Professor Publishes Book on Food and Environmental Anxieties in 1980s Horror
By Anand Venigalla
Thomas Fahy, associate professor of English, recently published a book with the University Press of Mississippi called “Dining with Madmen: Fat, Food, and the Environment.” The book is dedicated to exploring America’s preoccupation with body weight, processed food, and the transformation of the body and environment through the lens of horror fiction and film.
According to the book description, “[Horror fiction’s] presentation of American appetites resonated powerfully for audiences preoccupied with body size, food choices, and pollution” in order to demand “a recognition of the potentially horrifying impact of consumerism on nature, society, and the self.”
An increasing concern in the 1980s was “about how much money people were spending on fast foods, and how much fast food was being eaten,” Fahy said. The anxiety arose “not just that we’re eating these things but that we’re eating and consuming in large quantities food that was designed scientifically to be addictive.”
Vampire fiction and film plays into this concern. “Vampirism is consistently used as a metaphor for addiction,” Fahy said. “Vampires can’t go without having their daily fix for blood.” In many fictional portrayals, characters are depicted indulging in fast foods, sweets, and processed food. “These films are pointing out the addictive quality of these foods and inviting us to think about the addictions we have and what kind of transformation they are causing in our bodies.”

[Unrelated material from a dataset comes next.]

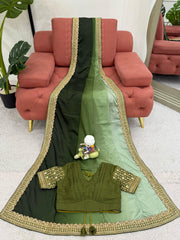 Stylish Sequence Lace work Mehndi Double Shaded Saree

Fahy’s book does not focus extensively on popular 1980s staples such as Freddie Kruger, Jason Voorhees, and Michael Myers. “The 1980s has gotten a little lost [in serious analysis] because it’s perceived as all surrounding these type of iconic bad guys,” Fahy said.
Fahy cited the importance of Thomas Harris’s novel “The Silence of the Lambs,” published in 1988, in its dealing with anxieties about the body. Also covered in Fahy’s study are Bret Easton Ellis’s novel “American Psycho,” Stephen King’s “Thinner,” and Katherine Dunn’s “Geek Love.”
Fahy published a collection of writings in 2010 called “The Philosophy of Horror,” which looked at the horror genre from a philosophical standpoint. In 2015, he published “The Walking Dead: Talking Terror with TV’s Top Horror Writers,” a collection of original interviews with writers for television shows such as “The Walking Dead,” “Buffy the Vampire Slayer,” “The X-Files,” and “American Horror Story.”
Fahy wrote many novels, including “The Unspoken” and “Sleepless,” which were published in 2008 and 2009. Then he decided to do a full scholarly study of horror. “It seemed like the next thing I should be doing. When I thought back on the 1980s, I realized there was a lot to say and a lot to explore, and it was an exciting period to go back to and use that genre as a lens for understanding it.”
Fahy considers the horror fiction and films of the 1980s to be deeply relevant to contemporary concerns. “Zombie fiction in the 1980s tends to address apocalyptic concerns about destroying the planet, or science run amok,” he said. Work like this raises questions about what we are doing about these problems individually, socially, and culturally.
“The genre is a way to heighten our sense of emergency, letting us see an apocalyptic vision of our own making, and challenging us not to stand on the sidelines anymore.”
Fahy teaches ENG 2-014, ENG 2-018 – Writing II: Research and Argumentation and ENG 193: Writing Young Adult Fiction this semester. His book is available on Amazon.com.